Amazon Threat Intelligence says that an active Interlock ransomware campaign is taking advantage of a serious security hole that was recently made public in Cisco Secure Firewall Management Center (FMC) Software. The CVE-2026-20131 vulnerability (CVSS score: 10.0) is an example of insecure deserialization of a Java byte stream that a user provides. This could let an unauthenticated, remote attacker get around authentication and run any Java code as root on an affected device.
Data from the tech giant's MadPot global sensor network says that the security flaw has been used as a zero-day since January 26, 2026, more than a month before Cisco made it public.
Amazon said that the discovery was possible because the threat actor made a mistake with operational security that exposed their cybercrime group's operational toolkit through a misconfigured infrastructure server. This gave Amazon information about the group's multi-stage attack chain, custom remote access trojans, reconnaissance scripts, and evasion techniques. The attack chain sends specially made HTTP requests to a certain path in the affected software with the goal of running any Java code.

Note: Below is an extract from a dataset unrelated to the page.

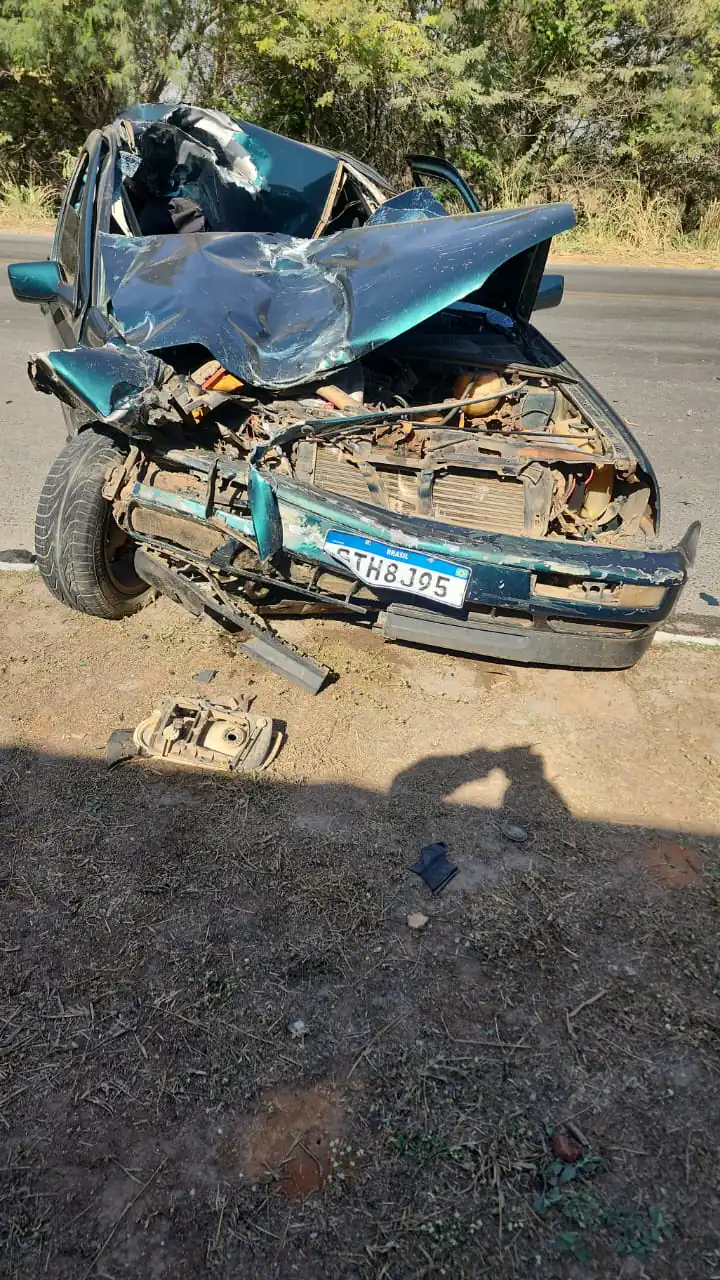 Colisão entre carro e caminhão deixa três feridos leves na BR-354, em Arcos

After that, the hacked system sends an HTTP PUT request to an outside server to confirm that the attack worked.
"When attackers take advantage of weaknesses before patches are available, even the best patching programs can't keep you safe during that time." "This is exactly why defense-in-depth is so important: layered security controls keep you safe even if one of them fails or hasn't been put in place yet." Rapid patching is still the most important part of managing vulnerabilities, but defense in depth helps businesses stay safe between the time when an exploit is found and when a patch is released.

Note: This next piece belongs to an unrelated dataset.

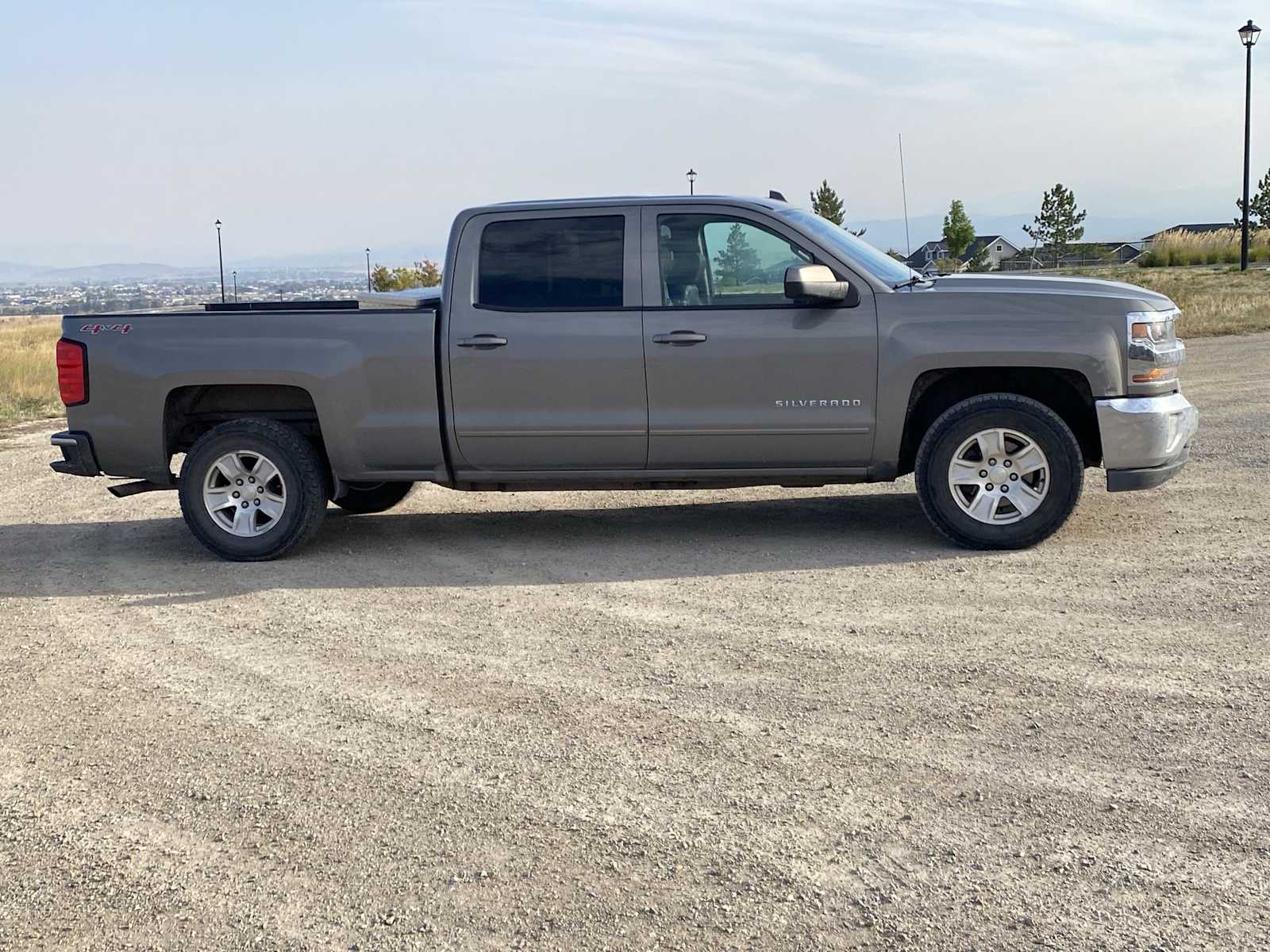 Thumbnail: 2017 Chevrolet Silverado 1500 - 19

The news comes after Google said that ransomware groups are changing how they work because fewer people are paying them. They are now targeting weaknesses in common VPNs and firewalls to get in, and they are using less external tools and more built-in Windows features.

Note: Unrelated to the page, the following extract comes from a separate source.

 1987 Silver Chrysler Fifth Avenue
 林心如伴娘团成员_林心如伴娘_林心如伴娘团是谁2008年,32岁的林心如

Malvertising and/or search engine optimization (SEO) techniques have also been used by several threat clusters, including ransomware operators and initial access brokers, to spread malware payloads for initial access. Other common methods include using stolen credentials, backdoors, or legitimate remote desktop software to get a foothold, as well as using tools that are already installed and built into the system for reconnaissance, privilege escalation, and lateral movement. Google said, "We expect ransomware to remain one of the biggest threats in the world, but the drop in profits may lead some threat actors to look for other ways to make money."